Description of the task ::
In the copy, include no images, and repeat each entry precisely as written.

Supplied material ::
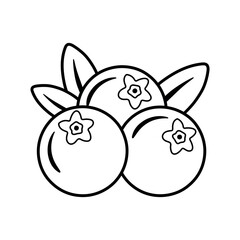 Blueberry Black Line Icon in Flat Vector Illustration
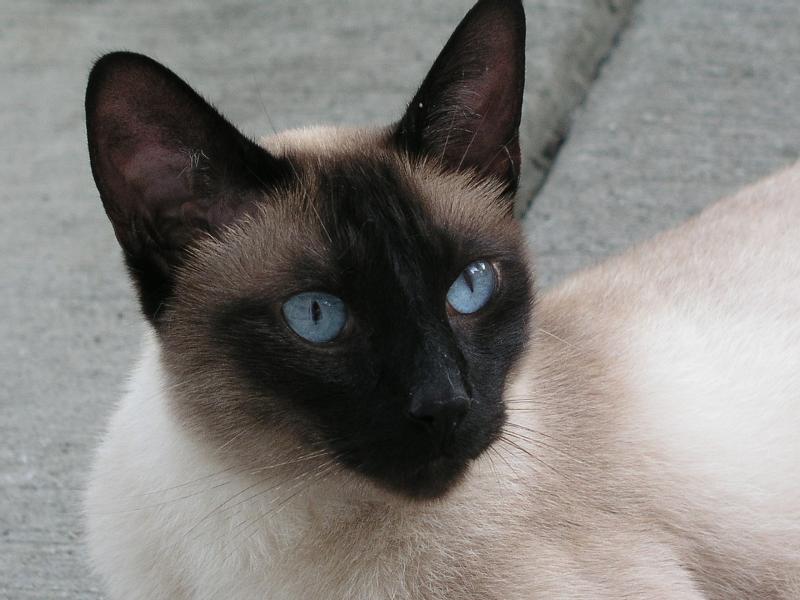 seal point Siamese Cat from Carolina Blues Cattery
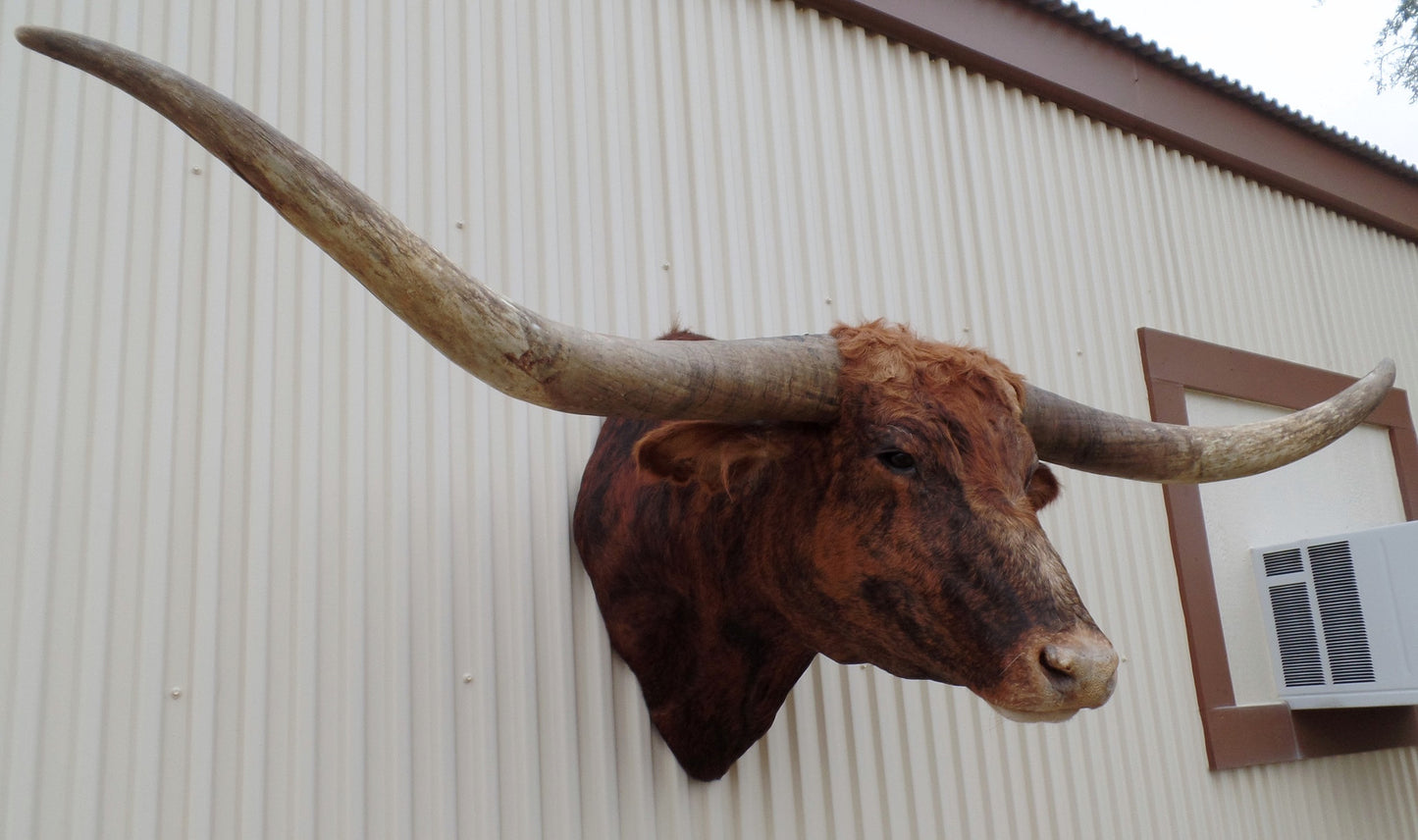 *Sold* Longhorn Mount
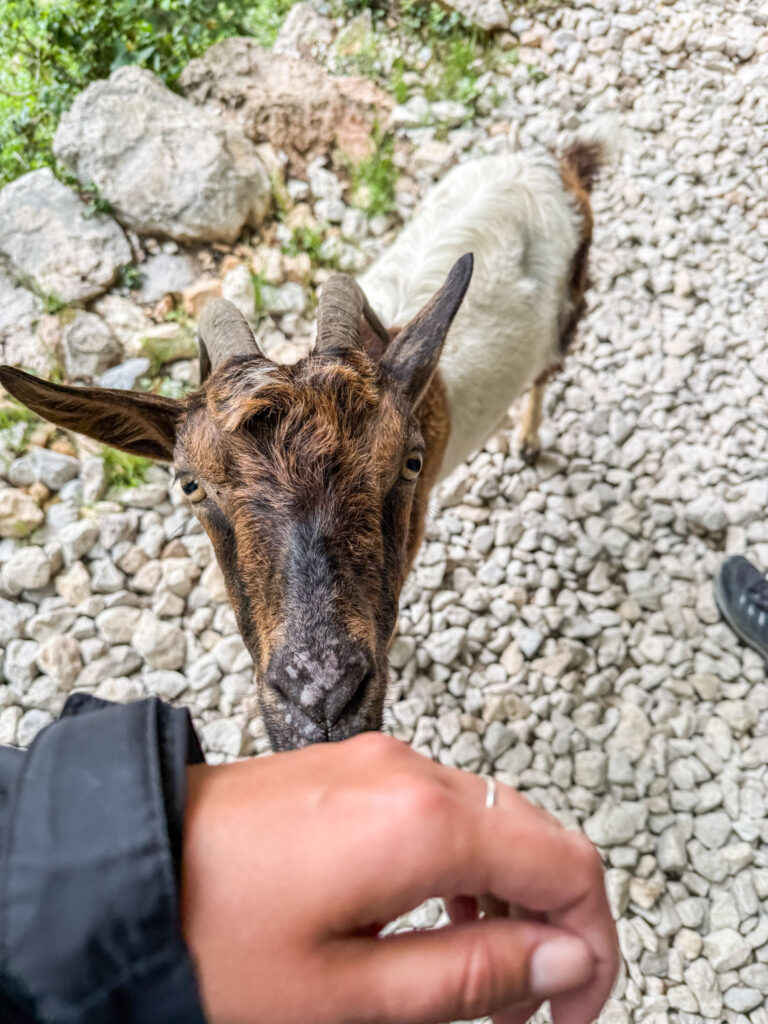 Dieren in Picos de Europa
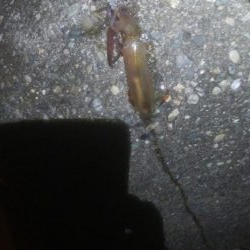 はじめての場所でヤリイカ・ヒイカ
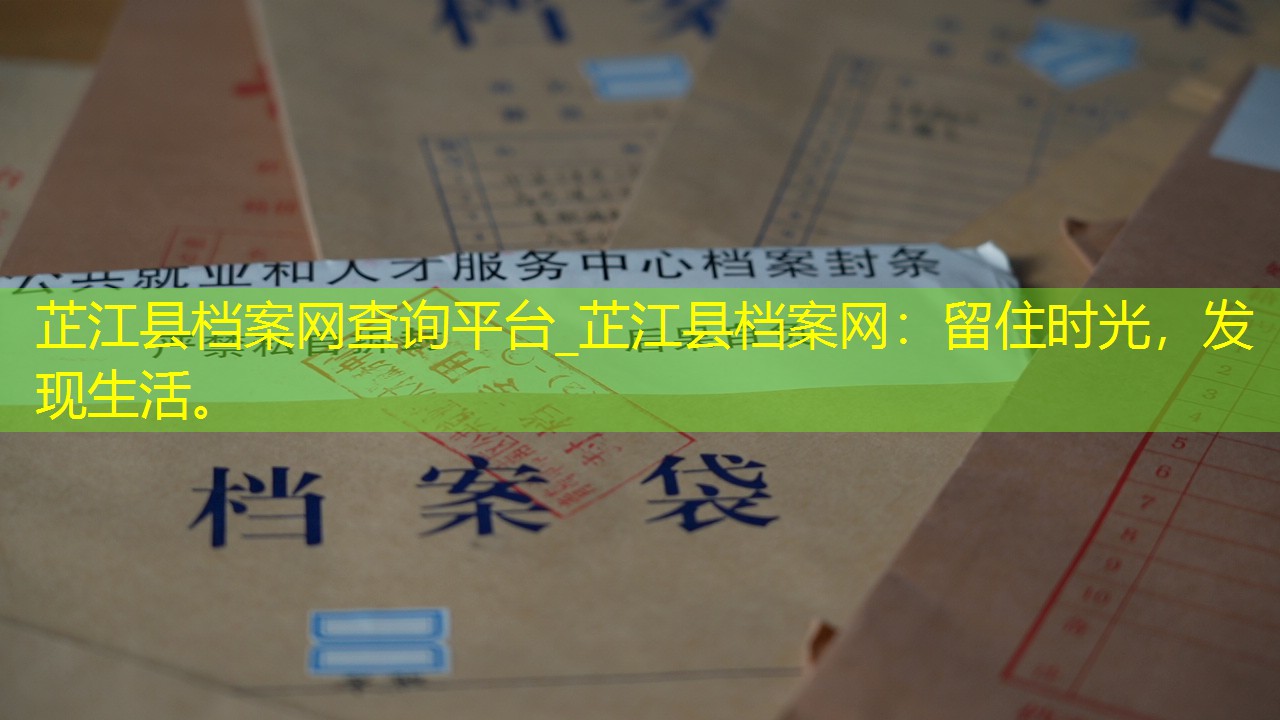 档案查询
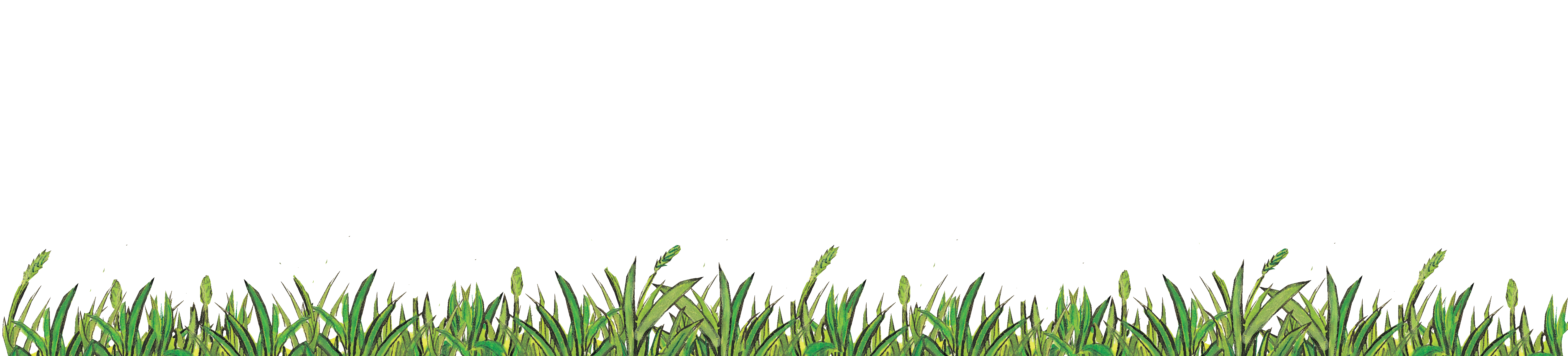 grassfooter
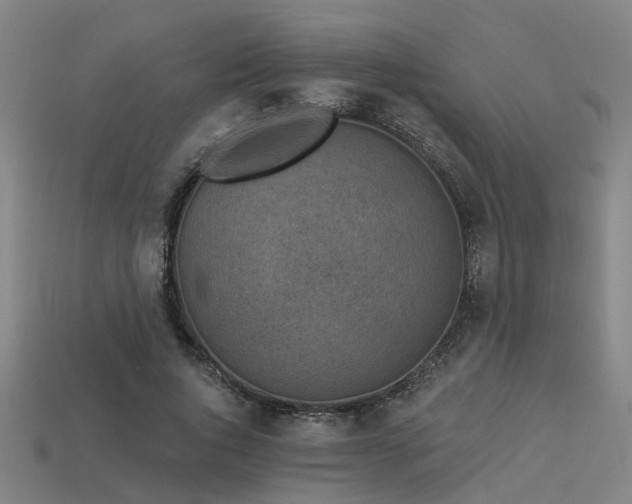 X0000113610736200909181418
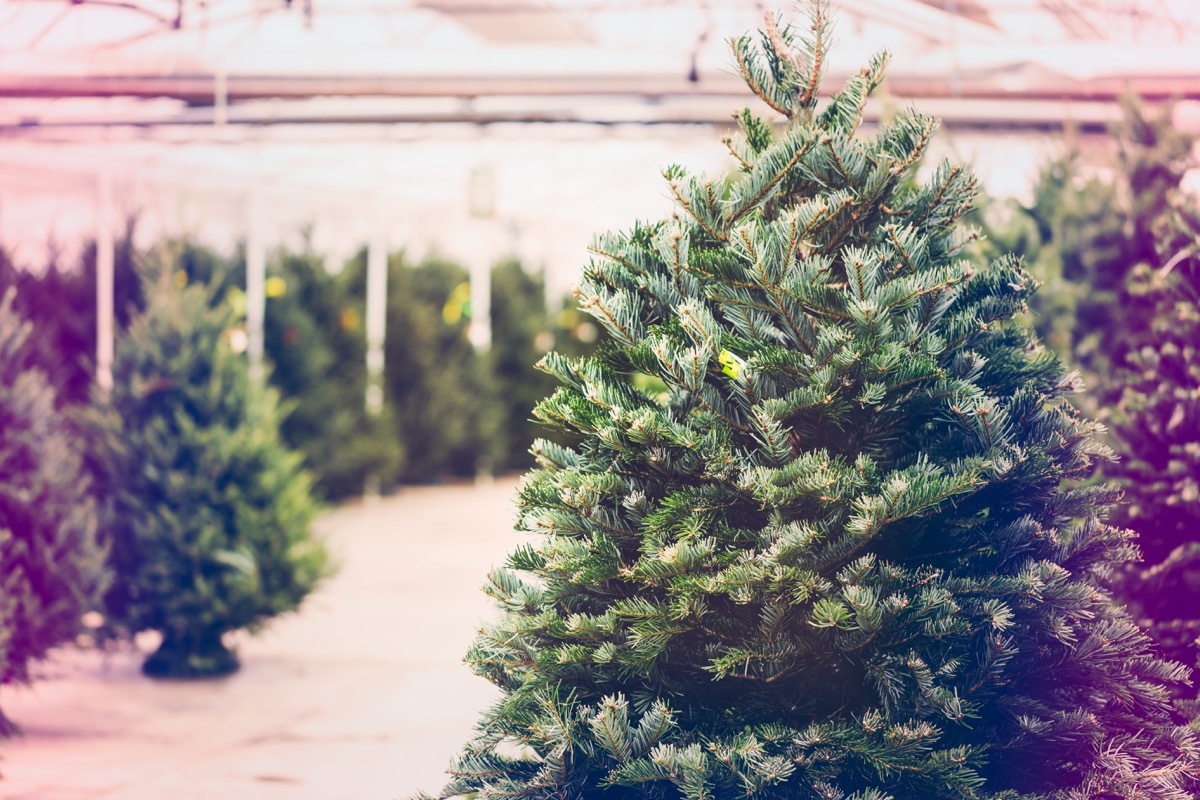 christmas tree farm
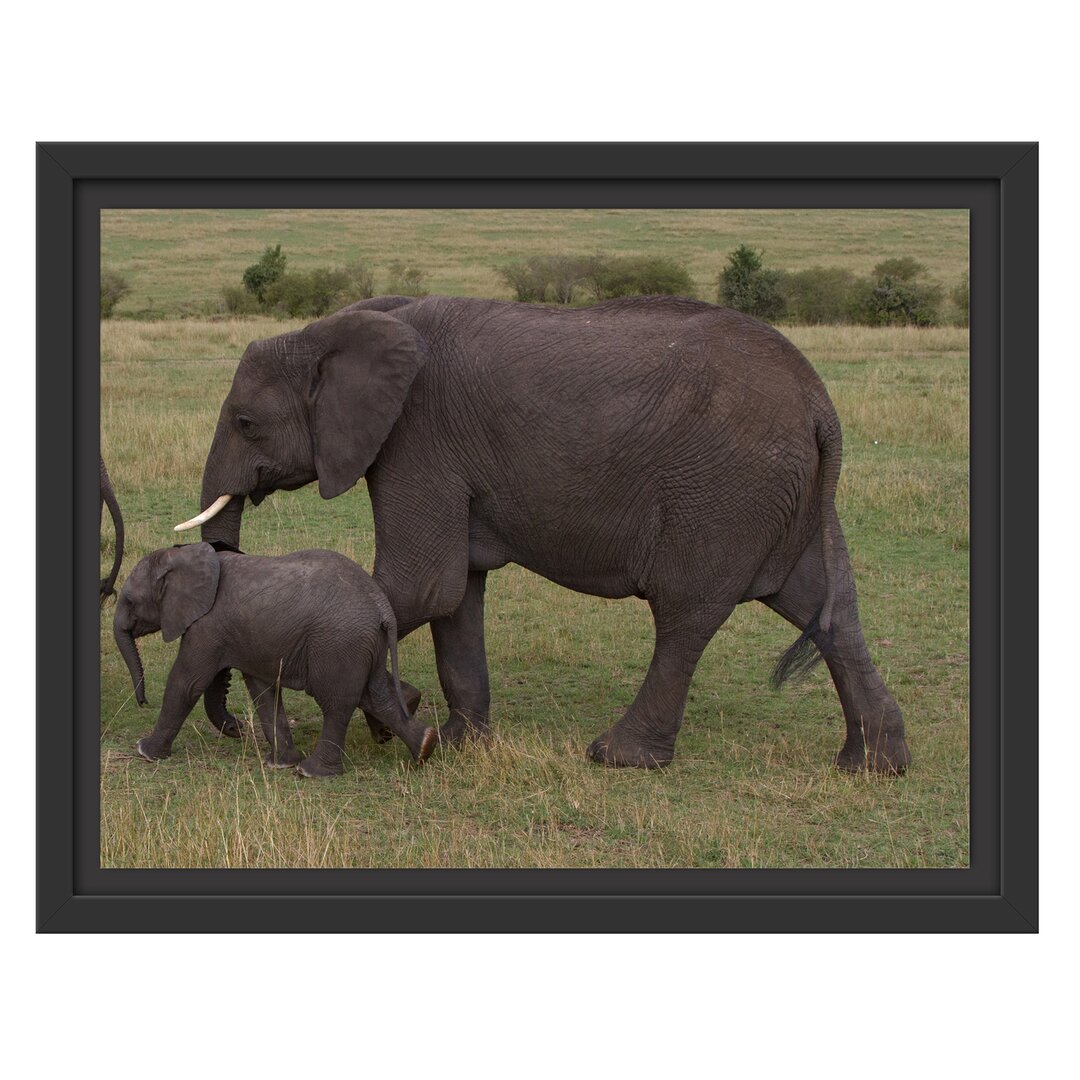 Gerahmtes Wandbild wandernde Elefantenfamilie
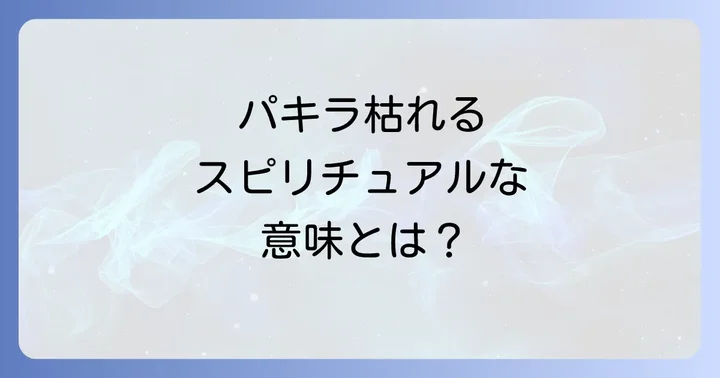 スピリチュアルな観点からパキラを枯らさないための対策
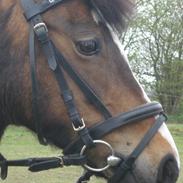 Welsh Pony af Cob-type (sec C) Fanny (Solgt)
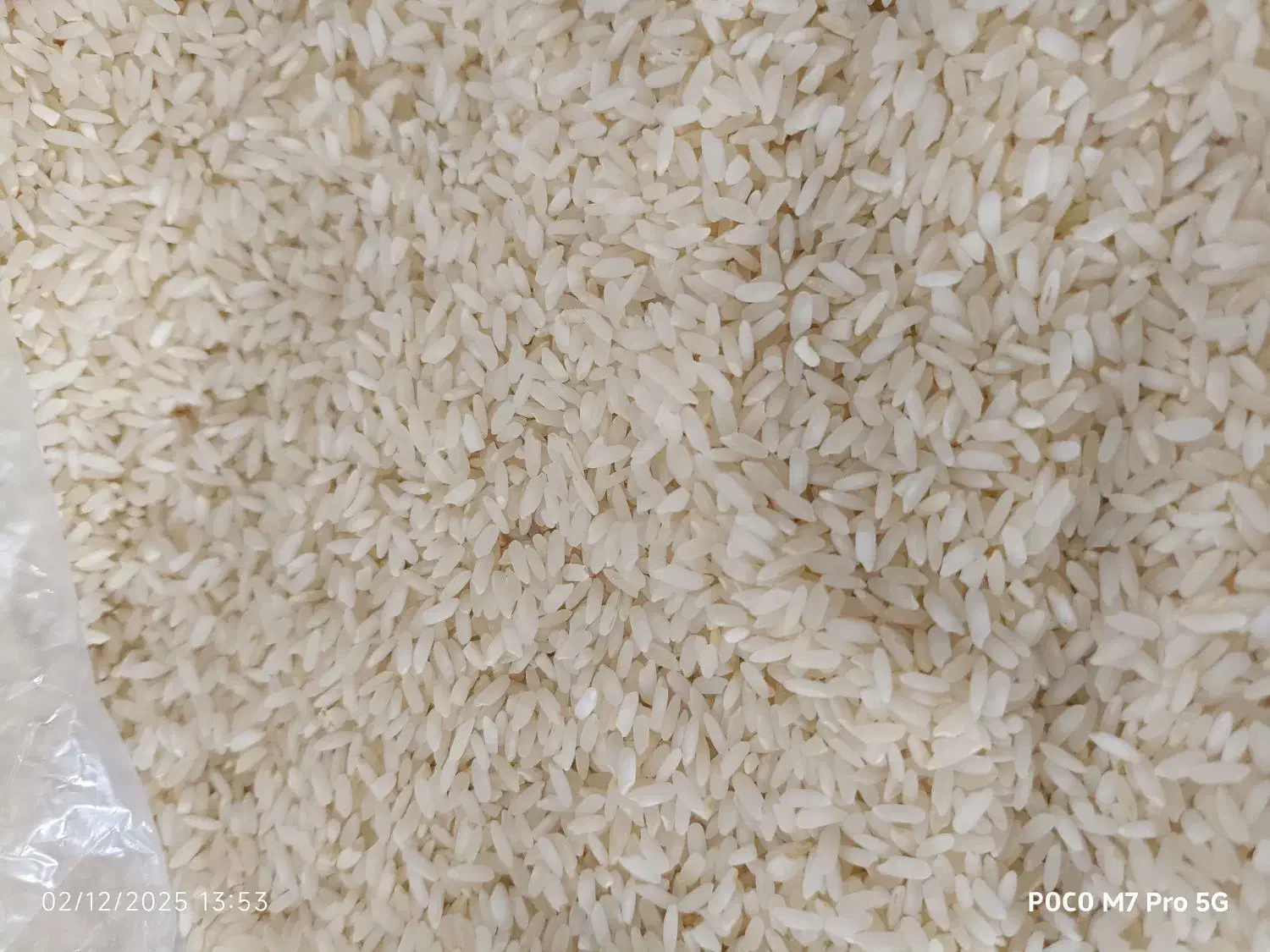 برنج محلی درجه یک|خوردنی و آشامیدنی|صحنه, |دیوار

Reply ::
 Blueberry Black Line Icon in Flat Vector Illustration
 seal point Siamese Cat from Carolina Blues Cattery
 *Sold* Longhorn Mount
 Dieren in Picos de Europa
 はじめての場所でヤリイカ・ヒイカ
 档案查询
 grassfooter
 X0000113610736200909181418
 christmas tree farm
 Gerahmtes Wandbild wandernde Elefantenfamilie
 スピリチュアルな観点からパキラを枯らさないための対策
 Welsh Pony af Cob-type (sec C) Fanny (Solgt)
 برنج محلی درجه یک|خوردنی و آشامیدنی|صحنه, |دیوار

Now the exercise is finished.